Task requirements: Lines from the one containing "2025年的借钱不看征信的平台有：滴水贷、人人贷、东方汇、拍拍贷、随身贷等。" through the final line of the data, restated word for word and free of pictures, make up the whole answer.

Information shown:
· · · · ·
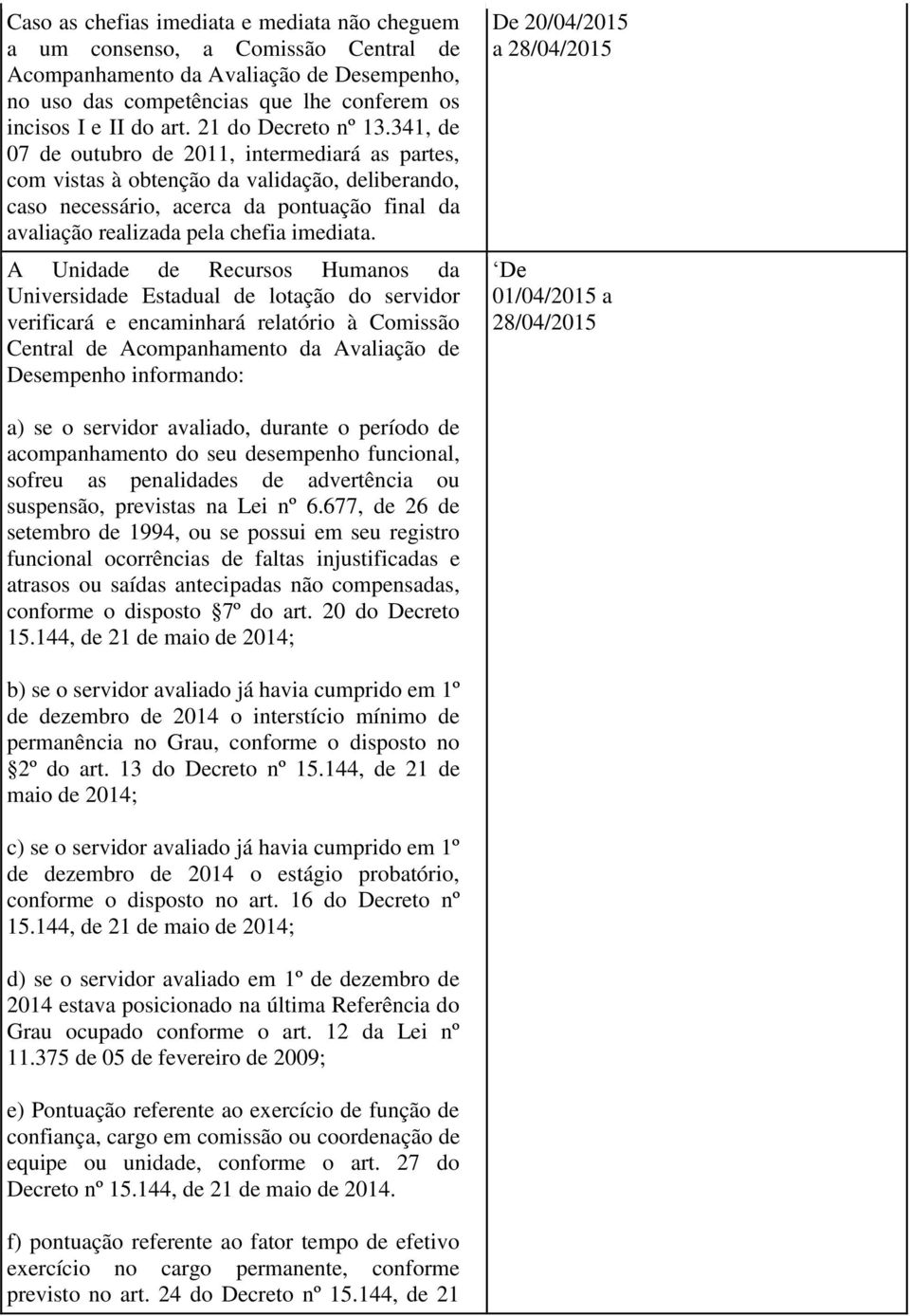 341, de 07 de outubro de 2011, intermediará as partes, com vistas à obtenção da validação, deliberando, caso necessário, acerca da pontuação final da avaliação realizada pela chefia imediata.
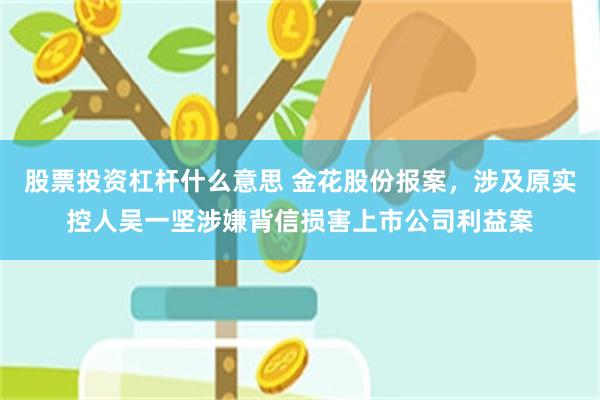 股票投资杠杆什么意思 金花股份报案，涉及原实控人吴一坚涉嫌背信损害上市公司利益案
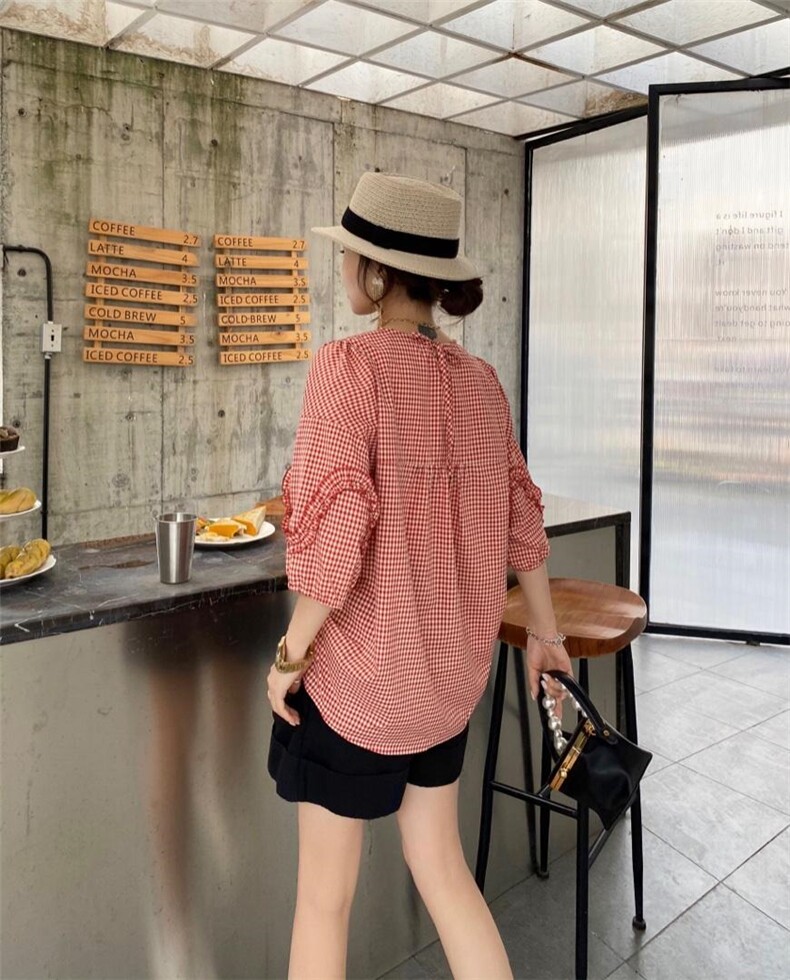 【现货】夏季新款格子花边七分袖时尚休闲薄款上衣，女装，微迪菲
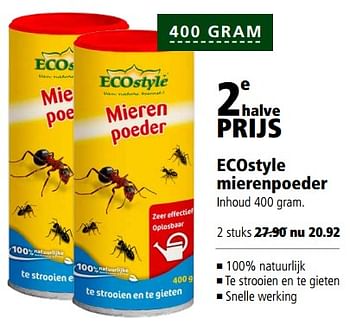 Aanbiedingen Ecostyle mierenpoeder - Ecostyle - Geldig van 17/07/2017 tot 30/07/2017 bij Welkoop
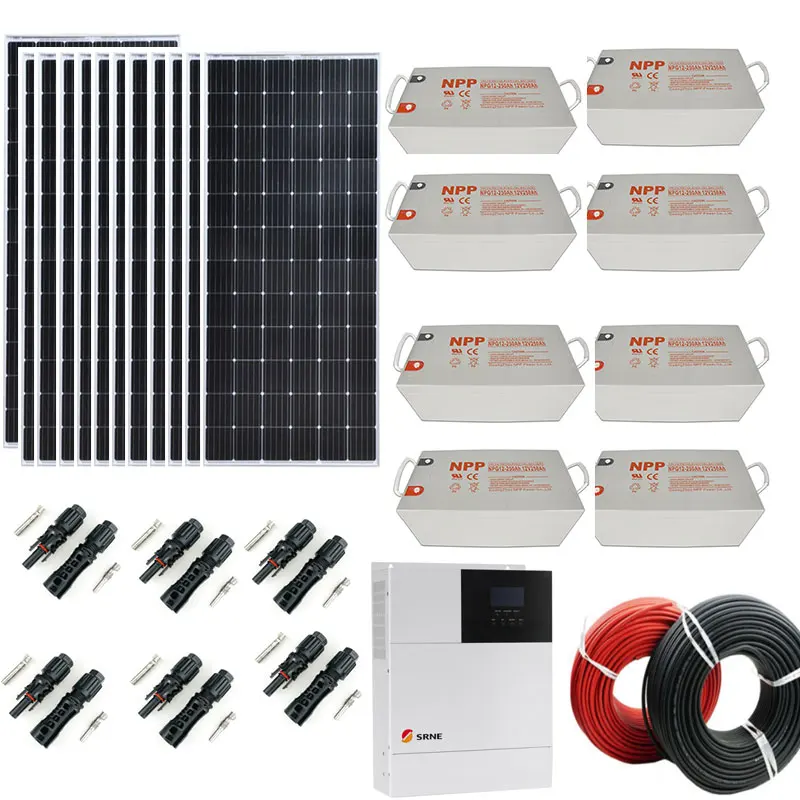 Solar Panel Kit Complete With Lead Acid Battery 5KW 220v 120V Solar Light System Off Grid For Home Farm Air Conditioner Heater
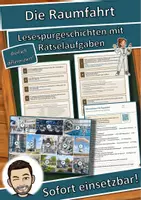 Vorschau - Arbeitsblätter - Die Raumfahrt – Lesespurgeschichte mit Rätselaufgaben (Klasse 8) - Deckblatt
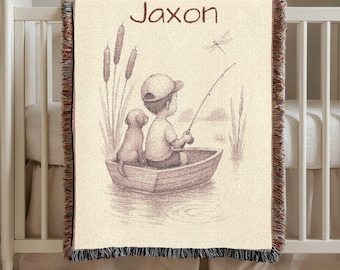 Personalized Baby Blanket, Baby Fishing Blanket, Custom Baby Name Blanket, Nursery Decor Gifts, Newborn Custom Blanket, Baby Shower Gift,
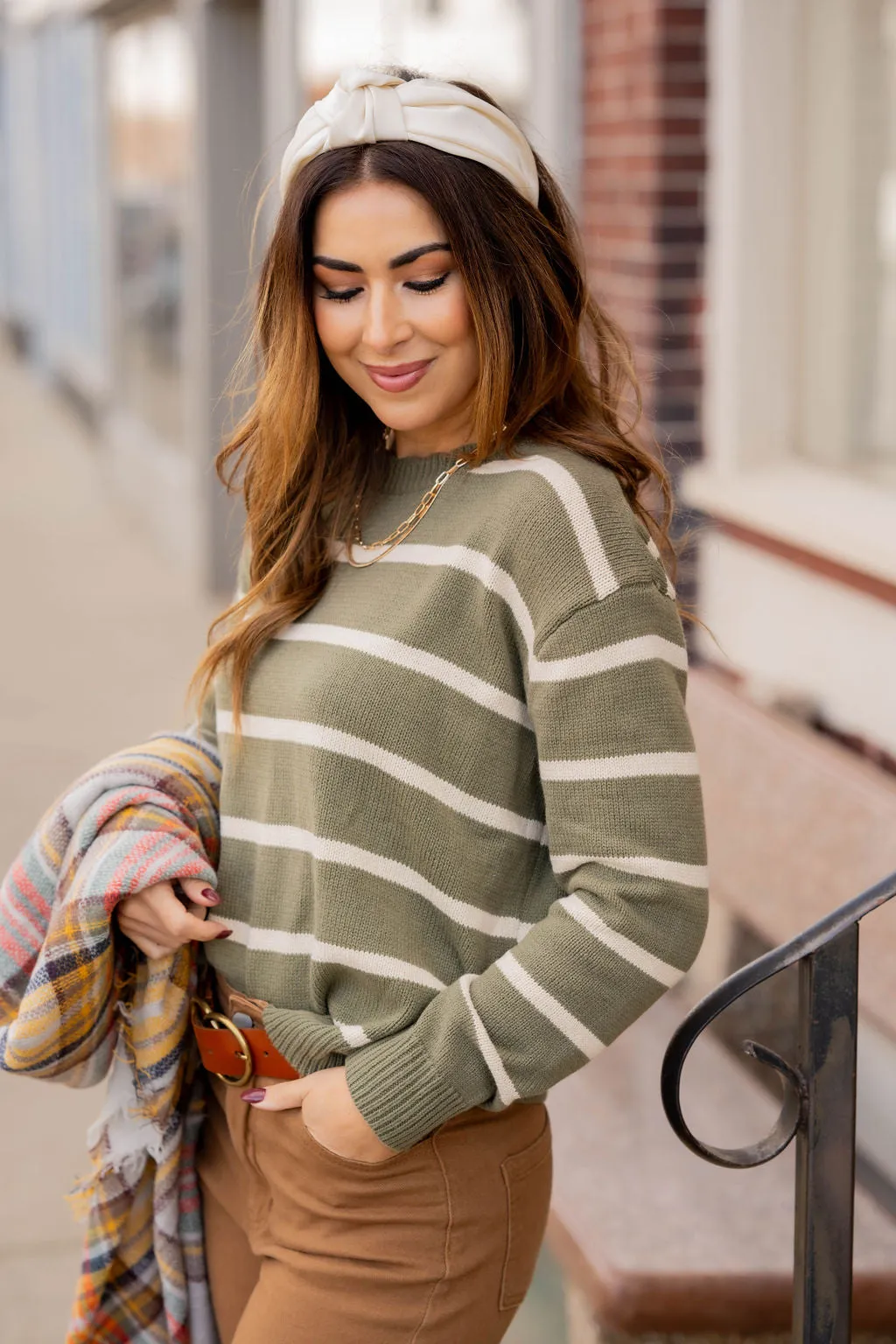 Scalloped Trim Striped Sweater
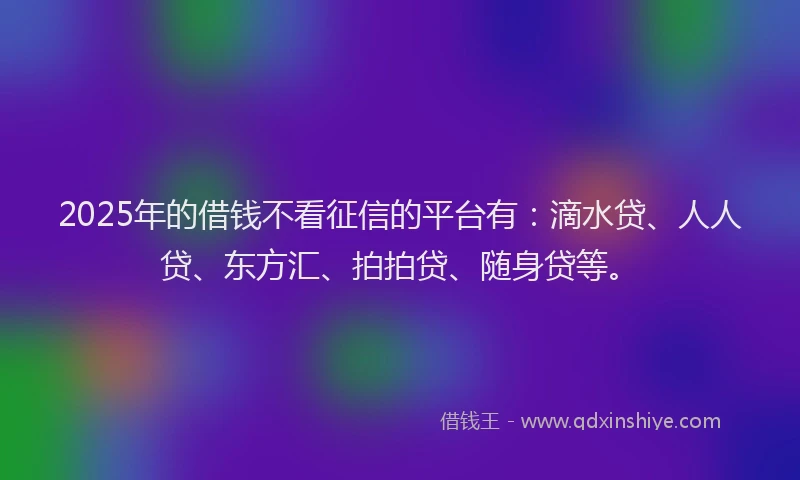2025年的借钱不看征信的平台有：滴水贷、人人贷、东方汇、拍拍贷、随身贷等。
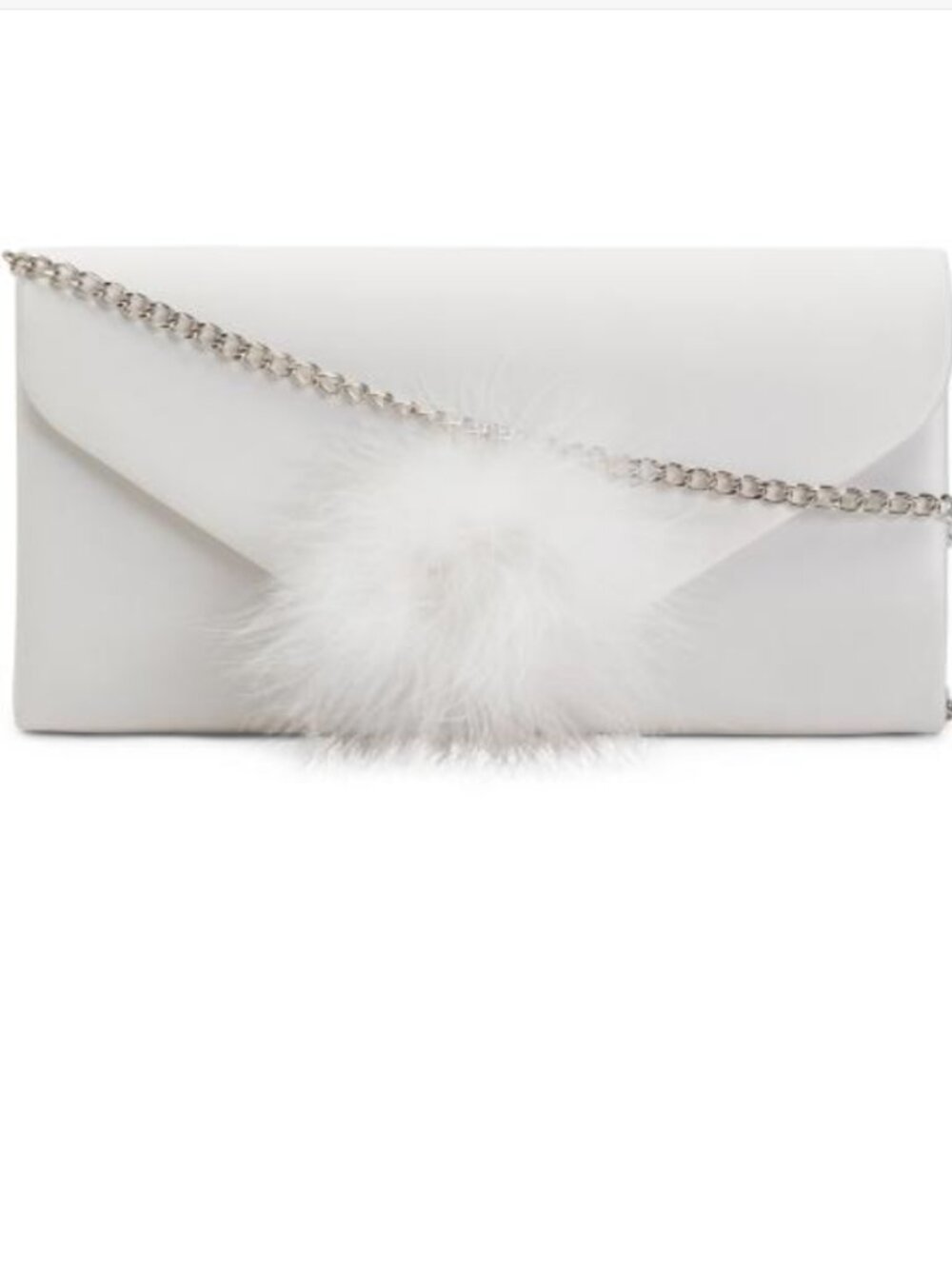 NWT Nina Ivory PomPom Envelope Clutch
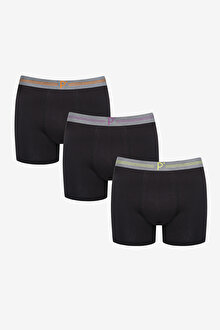 Black Basic 3lü Siyah Boxer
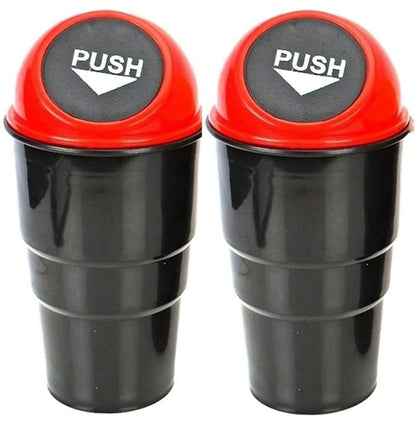 Car Dustbin For Car interior Mini Trash Bin/Compact Portable Trash Can For Car Plastic Dustbin (Pack Of 2)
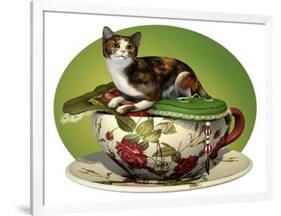 Cat N Cup Calico-Atelier Sommerland-Framed Art Print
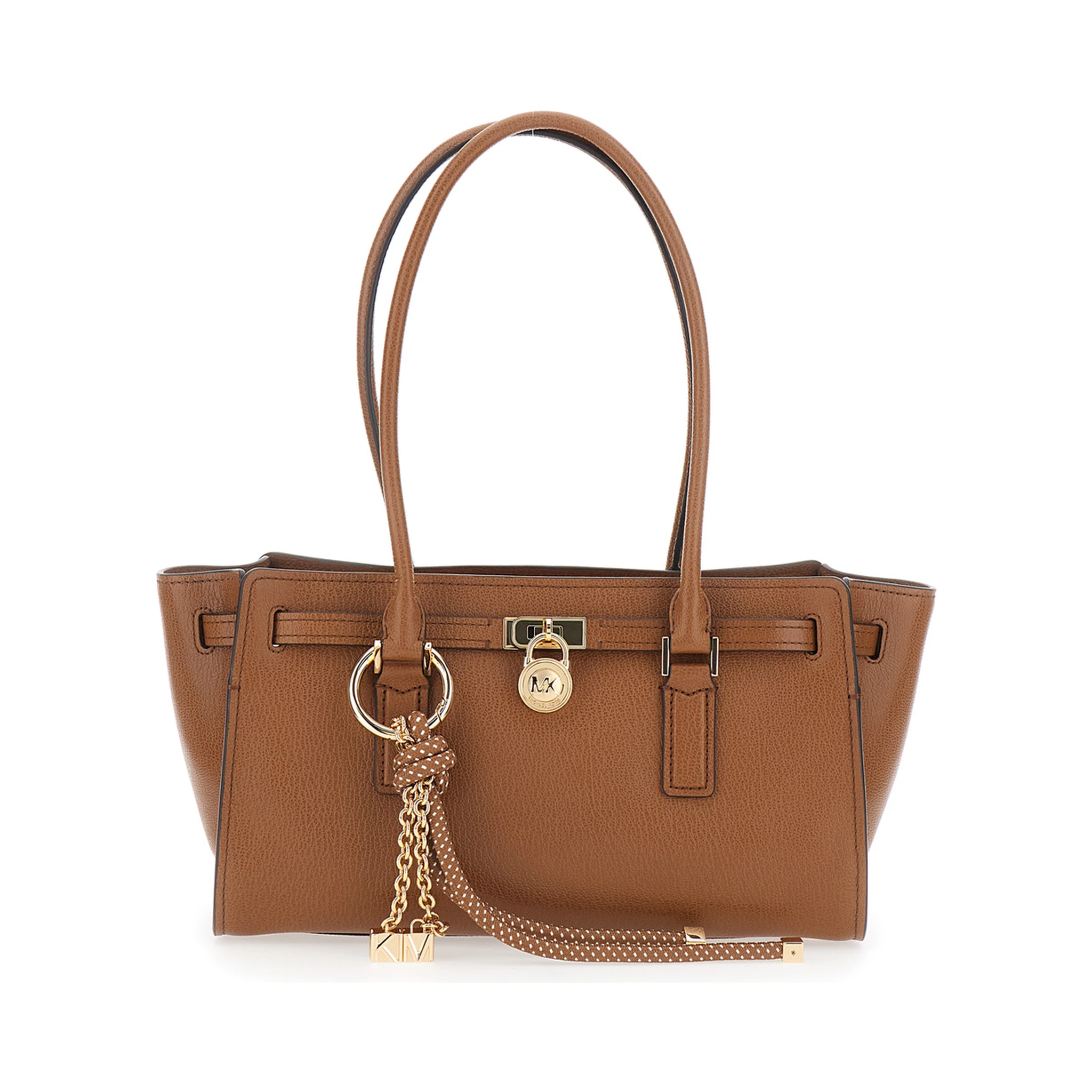 Hamilton Moderne Small Brown Shoulder Bag with Padlock on the Front and Ring with Pendants in Leather Woman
· · · · ·
Answer box:
2025年的借钱不看征信的平台有：滴水贷、人人贷、东方汇、拍拍贷、随身贷等。
 NWT Nina Ivory PomPom Envelope Clutch
 Black Basic 3lü Siyah Boxer
 Car Dustbin For Car interior Mini Trash Bin/Compact Portable Trash Can For Car Plastic Dustbin (Pack Of 2)
 Cat N Cup Calico-Atelier Sommerland-Framed Art Print
 Hamilton Moderne Small Brown Shoulder Bag with Padlock on the Front and Ring with Pendants in Leather Woman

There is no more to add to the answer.